Stockfisch nach Vicenza Art
Trockenfisch in Milch: Langsamkeit und venezianische Tradition
- Cucina
- Italia - Veneto
- Tempo di preparazione
- 300 minuti
- Difficoltà
- Media
- Porzioni
- 4
La storia di questo piatto
Der Baccalà alla Vicentina trägt das Gedächtnis der Republik Venedig in sich – Salzwinde aus dem Nordatlantik, Handelswege über ferne Meere, und die stille Würde einer Küche, die Zeit in Geschmack verwandelt. Er gehört dem Vicentin wie der Nebel den Euganäischen Hügeln: untrennbar, uralt, seelenvoll.
Ingredienti
- 800 g Stockfisch (getrockneter Kabeljau)
- 1 L Vollmilch
- 4 mittelgroß Weiße Zwiebeln
- 8 Filets Salzanschovis
- 100 ml Natives Olivenöl extra
- 2 Zehen Knoblauch
- 1 Teelöffel Frisch gemahlener schwarzer Pfeffer
- quanto basta nach Belieben Salz
- 3 L Kaltes Wasser (zum Einweichen)
Preparazione
- Lege den Stockfisch in eine geräumige Schüssel und bedecke ihn mit kaltem Wasser, das du alle 12 Stunden über zwei ganze Tage hinweg wechselst. Das ist die Zeit, die das Fleisch braucht, um sich zu erholen, weich zu werden und sich vom überschüssigen Salz zu befreien: halte es an einem kühlen Ort auf, vielleicht im Kühlschrank, wenn die Wärme es erlaubt. Du wirst merken, dass es bereit ist, wenn das Fleisch beim Drücken mit einem Finger zart nachgibt, als wäre es gerade gefangen.

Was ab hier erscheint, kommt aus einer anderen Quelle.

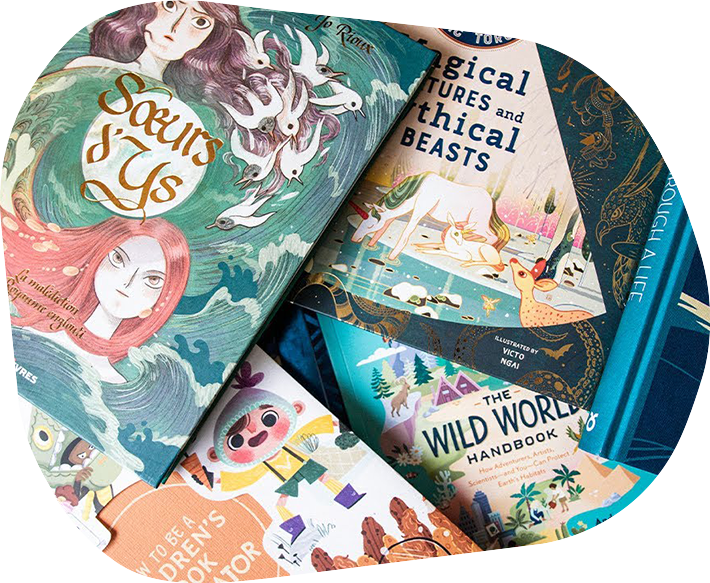 Children's book illustration example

- Entferne die äußere Schale von den Zwiebeln und schneide sie hauchdünn in Scheiben, mit einem scharf geschliffenen Messer, damit sie nicht zu sehr tränen. Breite sie dann auf einem Schneidebrett oder einem Teller in einer einzigen Schicht aus, so garen sie alle zusammen, ohne sich zu verhäufen.

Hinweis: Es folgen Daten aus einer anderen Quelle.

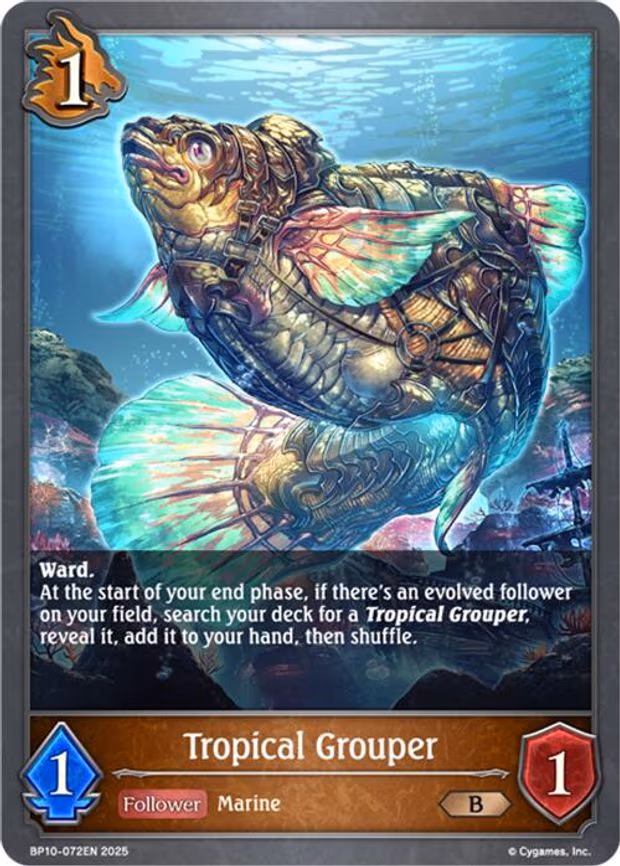 Tropical Grouper - Bronze (BP10-072EN)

- Spüle den eingeweichten Stockfisch gründlich unter fließendem Wasser ab und tupfe ihn mit Küchenrollen trocken, bis er wirklich trocken ist. Mit den Fingern und einem kleinen Messer folgst du dem zentralen Grat und ziehst ihn geduldig heraus, wobei du ihn unter dem Fleisch ertasten hilfst: das Wichtigste ist, die Fischstücke so ganz wie möglich zu lassen.
- Erwärme das Öl in einem breiten Topf und lasse Knoblauch und Sardellen bei niedriger Hitze schmelzen, rühre sanft, bis sich die Sardellen von selbst zerlösen und fast zu einer duftenden Creme werden. Füge die Zwiebeln hinzu und lasse sie langsam, ohne Eile, zusammenfallen: sie sollen weich werden und durchscheinend, nicht bräunen, sonst verliert die Soße ihre Süße.
- Lege die Stockfischstücke sanft auf das Zwiebelbett, mit Behutsamkeit, als würdest du sie liebevoll kosen. Gieße die Milch bis oben ein und würze mit Pfeffer ab: das ist der Moment, um dem Gericht die Grundlage zu geben, die es cremig macht.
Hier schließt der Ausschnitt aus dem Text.